Coleridge recognized his own mental imbalance. Given that he was a devout Christian, this infirmity challenged his faith. Why would God give him this gift of poetry while plagued with this mental distress? So, part of his source of guilt is that his mental disorder allowed him to occasionally doubt his faith. The other, perhaps main, source of his guilt is his addiction to opium. He notes in this letter that he had freely admitted to friends of this "ACCURSED habit."
Note that Coleridge suffered this guilt for years. Likewise, the Mariner suffered his guilt for years after the incident at sea. One might compare Coleridge's mental disorder with the Mariner's killing of the albatross; and the completion of this analogy would be the comparison of the Mariner's penance of repeating his story with Coleridge's repeating drug use.
The Mariner's shipmates scold him for killing the albatross. Coleridge's friends, while understanding his mental state, may have pleaded with him to quit the drugs. The shipmates could not understand the Mariner's action. Those around Coleridge could not really know how mentally distraught he was. Both Coleridge and the Mariner suffered guilt for something they did haphazardly. The Mariner shoots the albatross seemingly for no reason. In that same letter, Coleridge notes that his addiction began in ignorance; he used it to cure his swelling knees.

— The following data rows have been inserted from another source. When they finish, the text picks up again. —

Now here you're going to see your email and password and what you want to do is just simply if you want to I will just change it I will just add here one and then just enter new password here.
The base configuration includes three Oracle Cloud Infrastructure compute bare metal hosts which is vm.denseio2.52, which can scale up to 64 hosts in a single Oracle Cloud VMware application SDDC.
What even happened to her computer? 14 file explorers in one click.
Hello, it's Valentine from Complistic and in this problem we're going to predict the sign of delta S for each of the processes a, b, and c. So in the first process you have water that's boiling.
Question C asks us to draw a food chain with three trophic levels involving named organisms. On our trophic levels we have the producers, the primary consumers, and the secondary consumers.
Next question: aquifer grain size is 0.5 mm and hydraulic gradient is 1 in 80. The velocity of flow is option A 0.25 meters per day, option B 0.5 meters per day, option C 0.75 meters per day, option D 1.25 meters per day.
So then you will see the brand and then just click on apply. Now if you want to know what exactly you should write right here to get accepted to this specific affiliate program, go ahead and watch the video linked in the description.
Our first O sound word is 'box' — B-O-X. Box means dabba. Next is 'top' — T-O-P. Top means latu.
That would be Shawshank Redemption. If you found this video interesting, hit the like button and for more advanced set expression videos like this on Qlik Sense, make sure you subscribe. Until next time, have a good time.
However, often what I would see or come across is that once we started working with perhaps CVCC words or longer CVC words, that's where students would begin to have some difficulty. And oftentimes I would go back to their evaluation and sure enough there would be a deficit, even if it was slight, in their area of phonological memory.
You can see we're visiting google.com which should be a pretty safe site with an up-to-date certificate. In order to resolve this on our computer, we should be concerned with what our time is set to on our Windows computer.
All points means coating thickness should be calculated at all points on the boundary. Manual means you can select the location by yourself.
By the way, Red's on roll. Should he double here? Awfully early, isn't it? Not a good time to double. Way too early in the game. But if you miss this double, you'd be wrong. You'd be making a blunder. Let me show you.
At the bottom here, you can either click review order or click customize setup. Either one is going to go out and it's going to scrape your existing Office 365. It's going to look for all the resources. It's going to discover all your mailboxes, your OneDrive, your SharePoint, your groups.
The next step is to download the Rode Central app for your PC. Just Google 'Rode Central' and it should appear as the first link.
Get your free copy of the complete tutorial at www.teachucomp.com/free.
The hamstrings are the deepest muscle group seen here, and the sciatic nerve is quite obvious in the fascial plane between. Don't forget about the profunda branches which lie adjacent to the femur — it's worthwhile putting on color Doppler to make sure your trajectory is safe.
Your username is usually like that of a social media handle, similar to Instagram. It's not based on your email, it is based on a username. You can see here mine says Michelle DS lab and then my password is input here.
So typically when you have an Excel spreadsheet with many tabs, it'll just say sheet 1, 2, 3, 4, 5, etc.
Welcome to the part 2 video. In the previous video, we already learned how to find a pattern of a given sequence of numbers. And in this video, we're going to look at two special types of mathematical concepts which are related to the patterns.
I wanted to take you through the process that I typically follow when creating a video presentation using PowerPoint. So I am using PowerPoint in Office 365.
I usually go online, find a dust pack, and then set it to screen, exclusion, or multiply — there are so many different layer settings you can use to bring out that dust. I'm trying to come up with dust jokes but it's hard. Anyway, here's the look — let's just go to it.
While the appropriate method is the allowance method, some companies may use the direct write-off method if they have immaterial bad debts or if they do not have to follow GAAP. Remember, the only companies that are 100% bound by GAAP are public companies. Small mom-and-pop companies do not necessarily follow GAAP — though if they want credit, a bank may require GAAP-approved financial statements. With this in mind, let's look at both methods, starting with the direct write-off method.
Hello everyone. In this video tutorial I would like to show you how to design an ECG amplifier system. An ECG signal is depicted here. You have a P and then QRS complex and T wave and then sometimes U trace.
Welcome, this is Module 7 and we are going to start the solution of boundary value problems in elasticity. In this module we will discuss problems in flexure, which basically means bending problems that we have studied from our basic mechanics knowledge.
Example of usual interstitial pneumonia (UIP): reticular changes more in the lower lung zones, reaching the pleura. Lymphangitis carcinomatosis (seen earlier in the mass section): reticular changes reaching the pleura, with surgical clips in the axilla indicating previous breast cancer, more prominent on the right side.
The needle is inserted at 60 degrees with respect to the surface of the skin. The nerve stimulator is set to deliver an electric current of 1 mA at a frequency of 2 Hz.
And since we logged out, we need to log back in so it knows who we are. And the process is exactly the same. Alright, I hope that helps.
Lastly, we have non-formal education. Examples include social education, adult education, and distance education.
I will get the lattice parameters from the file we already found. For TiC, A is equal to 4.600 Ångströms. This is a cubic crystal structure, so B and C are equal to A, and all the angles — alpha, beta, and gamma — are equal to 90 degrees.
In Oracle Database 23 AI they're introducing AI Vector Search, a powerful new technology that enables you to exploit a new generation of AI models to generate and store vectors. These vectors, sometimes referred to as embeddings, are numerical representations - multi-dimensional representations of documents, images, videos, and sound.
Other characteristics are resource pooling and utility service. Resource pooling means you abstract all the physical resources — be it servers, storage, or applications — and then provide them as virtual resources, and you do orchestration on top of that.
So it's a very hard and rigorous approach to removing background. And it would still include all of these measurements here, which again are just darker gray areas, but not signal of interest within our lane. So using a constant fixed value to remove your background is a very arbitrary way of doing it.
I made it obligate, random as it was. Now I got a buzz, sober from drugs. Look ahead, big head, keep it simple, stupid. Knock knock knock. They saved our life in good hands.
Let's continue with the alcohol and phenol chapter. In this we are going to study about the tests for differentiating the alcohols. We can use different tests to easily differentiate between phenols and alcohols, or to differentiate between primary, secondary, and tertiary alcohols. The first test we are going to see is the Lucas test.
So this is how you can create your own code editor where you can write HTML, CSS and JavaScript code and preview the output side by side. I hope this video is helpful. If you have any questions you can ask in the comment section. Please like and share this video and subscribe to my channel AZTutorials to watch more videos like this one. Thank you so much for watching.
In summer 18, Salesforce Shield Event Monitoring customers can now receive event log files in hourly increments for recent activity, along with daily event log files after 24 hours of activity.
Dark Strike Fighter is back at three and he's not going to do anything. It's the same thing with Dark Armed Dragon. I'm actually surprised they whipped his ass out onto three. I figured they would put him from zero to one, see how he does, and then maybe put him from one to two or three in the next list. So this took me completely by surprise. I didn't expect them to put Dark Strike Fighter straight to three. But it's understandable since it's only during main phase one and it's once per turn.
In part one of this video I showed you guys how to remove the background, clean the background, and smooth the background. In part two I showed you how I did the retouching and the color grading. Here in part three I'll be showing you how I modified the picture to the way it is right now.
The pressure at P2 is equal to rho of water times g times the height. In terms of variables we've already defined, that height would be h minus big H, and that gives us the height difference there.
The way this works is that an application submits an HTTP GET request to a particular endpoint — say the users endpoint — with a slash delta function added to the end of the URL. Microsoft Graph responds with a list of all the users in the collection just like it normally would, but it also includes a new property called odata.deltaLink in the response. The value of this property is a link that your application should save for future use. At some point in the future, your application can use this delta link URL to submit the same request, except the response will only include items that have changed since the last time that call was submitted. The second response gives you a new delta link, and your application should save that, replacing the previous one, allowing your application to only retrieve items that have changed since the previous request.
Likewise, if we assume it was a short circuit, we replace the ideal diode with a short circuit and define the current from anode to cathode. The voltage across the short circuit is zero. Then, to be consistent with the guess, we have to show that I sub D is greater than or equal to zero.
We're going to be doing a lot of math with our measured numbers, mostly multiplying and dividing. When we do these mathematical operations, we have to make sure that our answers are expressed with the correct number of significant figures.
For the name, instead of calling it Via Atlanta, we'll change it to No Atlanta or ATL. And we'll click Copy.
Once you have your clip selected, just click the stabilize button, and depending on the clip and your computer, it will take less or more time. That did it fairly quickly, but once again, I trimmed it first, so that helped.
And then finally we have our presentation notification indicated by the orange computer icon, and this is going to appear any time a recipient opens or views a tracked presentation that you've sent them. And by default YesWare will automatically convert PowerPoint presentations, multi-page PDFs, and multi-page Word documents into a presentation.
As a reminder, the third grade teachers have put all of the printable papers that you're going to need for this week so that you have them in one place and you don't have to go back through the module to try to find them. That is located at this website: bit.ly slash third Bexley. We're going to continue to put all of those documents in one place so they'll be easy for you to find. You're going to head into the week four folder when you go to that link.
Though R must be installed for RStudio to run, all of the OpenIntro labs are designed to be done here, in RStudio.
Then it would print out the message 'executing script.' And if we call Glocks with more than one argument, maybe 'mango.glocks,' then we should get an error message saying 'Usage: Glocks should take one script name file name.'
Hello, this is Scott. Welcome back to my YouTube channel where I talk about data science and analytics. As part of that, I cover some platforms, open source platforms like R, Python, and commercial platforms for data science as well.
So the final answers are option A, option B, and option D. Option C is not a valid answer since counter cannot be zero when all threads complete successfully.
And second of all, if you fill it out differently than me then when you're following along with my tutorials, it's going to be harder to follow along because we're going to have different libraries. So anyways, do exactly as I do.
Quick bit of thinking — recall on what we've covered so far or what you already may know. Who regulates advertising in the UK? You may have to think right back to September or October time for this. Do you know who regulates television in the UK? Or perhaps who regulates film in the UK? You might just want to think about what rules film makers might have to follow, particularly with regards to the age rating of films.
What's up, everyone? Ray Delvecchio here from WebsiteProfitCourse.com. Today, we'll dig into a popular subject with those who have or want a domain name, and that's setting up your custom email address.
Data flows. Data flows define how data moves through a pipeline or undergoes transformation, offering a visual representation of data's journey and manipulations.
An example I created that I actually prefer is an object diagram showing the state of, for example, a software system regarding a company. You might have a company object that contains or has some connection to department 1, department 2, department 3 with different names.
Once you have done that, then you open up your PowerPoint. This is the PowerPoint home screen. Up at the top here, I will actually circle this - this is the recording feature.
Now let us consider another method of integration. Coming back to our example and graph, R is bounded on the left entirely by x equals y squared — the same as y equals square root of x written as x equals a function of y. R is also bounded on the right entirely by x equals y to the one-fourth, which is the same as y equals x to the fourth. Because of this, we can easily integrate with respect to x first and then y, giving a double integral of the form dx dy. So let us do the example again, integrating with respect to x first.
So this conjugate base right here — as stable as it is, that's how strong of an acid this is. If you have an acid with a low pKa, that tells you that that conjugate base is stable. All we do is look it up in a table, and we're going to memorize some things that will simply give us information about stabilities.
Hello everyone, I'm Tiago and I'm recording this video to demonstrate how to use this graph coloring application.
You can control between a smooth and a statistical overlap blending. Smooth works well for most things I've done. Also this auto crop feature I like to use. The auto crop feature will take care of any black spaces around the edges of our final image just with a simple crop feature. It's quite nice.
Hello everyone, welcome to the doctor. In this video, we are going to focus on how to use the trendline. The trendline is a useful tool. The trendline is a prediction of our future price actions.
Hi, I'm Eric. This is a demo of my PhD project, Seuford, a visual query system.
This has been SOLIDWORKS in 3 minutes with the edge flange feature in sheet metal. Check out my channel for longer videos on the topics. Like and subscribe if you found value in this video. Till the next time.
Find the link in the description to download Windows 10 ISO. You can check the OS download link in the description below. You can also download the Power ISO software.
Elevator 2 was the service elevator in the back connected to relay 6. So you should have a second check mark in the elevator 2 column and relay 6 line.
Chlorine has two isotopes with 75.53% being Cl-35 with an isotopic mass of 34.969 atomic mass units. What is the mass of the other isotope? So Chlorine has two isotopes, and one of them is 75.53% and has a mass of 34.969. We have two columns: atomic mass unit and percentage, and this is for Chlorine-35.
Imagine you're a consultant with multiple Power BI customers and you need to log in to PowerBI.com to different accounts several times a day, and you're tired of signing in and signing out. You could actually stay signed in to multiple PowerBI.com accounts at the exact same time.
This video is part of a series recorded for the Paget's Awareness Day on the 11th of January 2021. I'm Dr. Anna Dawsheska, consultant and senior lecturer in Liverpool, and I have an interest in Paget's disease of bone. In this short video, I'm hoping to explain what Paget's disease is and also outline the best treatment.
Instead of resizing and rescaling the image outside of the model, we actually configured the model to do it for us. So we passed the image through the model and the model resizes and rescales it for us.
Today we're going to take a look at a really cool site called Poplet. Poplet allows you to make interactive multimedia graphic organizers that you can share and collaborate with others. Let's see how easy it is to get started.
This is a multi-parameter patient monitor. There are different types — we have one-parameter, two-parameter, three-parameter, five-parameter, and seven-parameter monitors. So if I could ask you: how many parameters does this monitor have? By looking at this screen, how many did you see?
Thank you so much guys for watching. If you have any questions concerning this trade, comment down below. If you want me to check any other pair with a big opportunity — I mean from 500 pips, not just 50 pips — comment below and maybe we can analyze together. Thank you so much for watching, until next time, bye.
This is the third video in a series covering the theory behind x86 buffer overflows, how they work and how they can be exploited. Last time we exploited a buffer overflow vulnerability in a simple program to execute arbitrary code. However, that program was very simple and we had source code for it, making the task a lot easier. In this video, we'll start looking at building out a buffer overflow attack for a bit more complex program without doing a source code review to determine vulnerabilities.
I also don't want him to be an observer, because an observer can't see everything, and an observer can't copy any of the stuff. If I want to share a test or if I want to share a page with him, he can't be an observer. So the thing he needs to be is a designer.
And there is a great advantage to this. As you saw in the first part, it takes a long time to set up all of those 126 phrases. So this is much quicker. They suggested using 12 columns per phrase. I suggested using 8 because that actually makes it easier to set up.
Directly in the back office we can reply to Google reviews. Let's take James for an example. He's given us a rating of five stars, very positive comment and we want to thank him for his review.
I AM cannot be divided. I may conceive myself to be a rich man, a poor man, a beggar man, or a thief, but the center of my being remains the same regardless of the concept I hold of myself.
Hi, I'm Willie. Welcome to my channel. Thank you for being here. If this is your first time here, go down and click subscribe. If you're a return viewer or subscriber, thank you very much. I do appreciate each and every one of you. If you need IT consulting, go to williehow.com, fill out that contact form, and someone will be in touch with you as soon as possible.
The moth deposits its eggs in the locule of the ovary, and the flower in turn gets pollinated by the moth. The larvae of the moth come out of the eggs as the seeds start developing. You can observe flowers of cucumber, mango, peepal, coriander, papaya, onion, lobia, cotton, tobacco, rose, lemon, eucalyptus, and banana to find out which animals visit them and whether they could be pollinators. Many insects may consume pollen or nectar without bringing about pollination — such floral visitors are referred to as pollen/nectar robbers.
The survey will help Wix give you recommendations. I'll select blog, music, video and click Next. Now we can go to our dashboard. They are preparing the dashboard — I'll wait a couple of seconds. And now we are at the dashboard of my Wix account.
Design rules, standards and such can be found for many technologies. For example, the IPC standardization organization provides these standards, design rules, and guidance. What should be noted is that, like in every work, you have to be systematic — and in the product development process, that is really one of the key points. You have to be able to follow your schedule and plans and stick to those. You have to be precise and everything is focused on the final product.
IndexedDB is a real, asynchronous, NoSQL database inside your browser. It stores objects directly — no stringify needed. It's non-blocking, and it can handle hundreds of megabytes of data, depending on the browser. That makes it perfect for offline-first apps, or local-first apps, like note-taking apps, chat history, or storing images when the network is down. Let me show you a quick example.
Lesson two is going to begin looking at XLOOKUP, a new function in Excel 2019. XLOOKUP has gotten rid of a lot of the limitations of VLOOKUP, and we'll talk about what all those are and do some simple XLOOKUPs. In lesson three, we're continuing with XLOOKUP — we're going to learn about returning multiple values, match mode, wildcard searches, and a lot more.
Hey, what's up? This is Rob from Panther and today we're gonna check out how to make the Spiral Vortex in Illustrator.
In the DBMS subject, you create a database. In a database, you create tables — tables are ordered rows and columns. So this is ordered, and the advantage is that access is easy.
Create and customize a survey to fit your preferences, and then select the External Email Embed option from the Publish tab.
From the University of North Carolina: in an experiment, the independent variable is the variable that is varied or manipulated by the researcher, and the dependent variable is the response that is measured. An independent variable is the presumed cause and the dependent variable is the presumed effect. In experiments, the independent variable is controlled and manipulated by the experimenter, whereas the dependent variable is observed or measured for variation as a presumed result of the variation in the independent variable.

In the poem, there is no precursor, no real reason as to why the Mariner shoots the bird. Coleridge began using laudanum to cure a leg problem. But both men realize, eventually, that their actions led to feelings of guilt.
And I had done a hellish thing,
And it would work'em woe:
For all averred, I had killed the bird
That made the breeze to blow. (91-94)
Killing the albatross interrupted the ship's journey and eventually altered the Mariner's life. Coleridge's mental imbalance and subsequent drug use also altered the course of his mental life.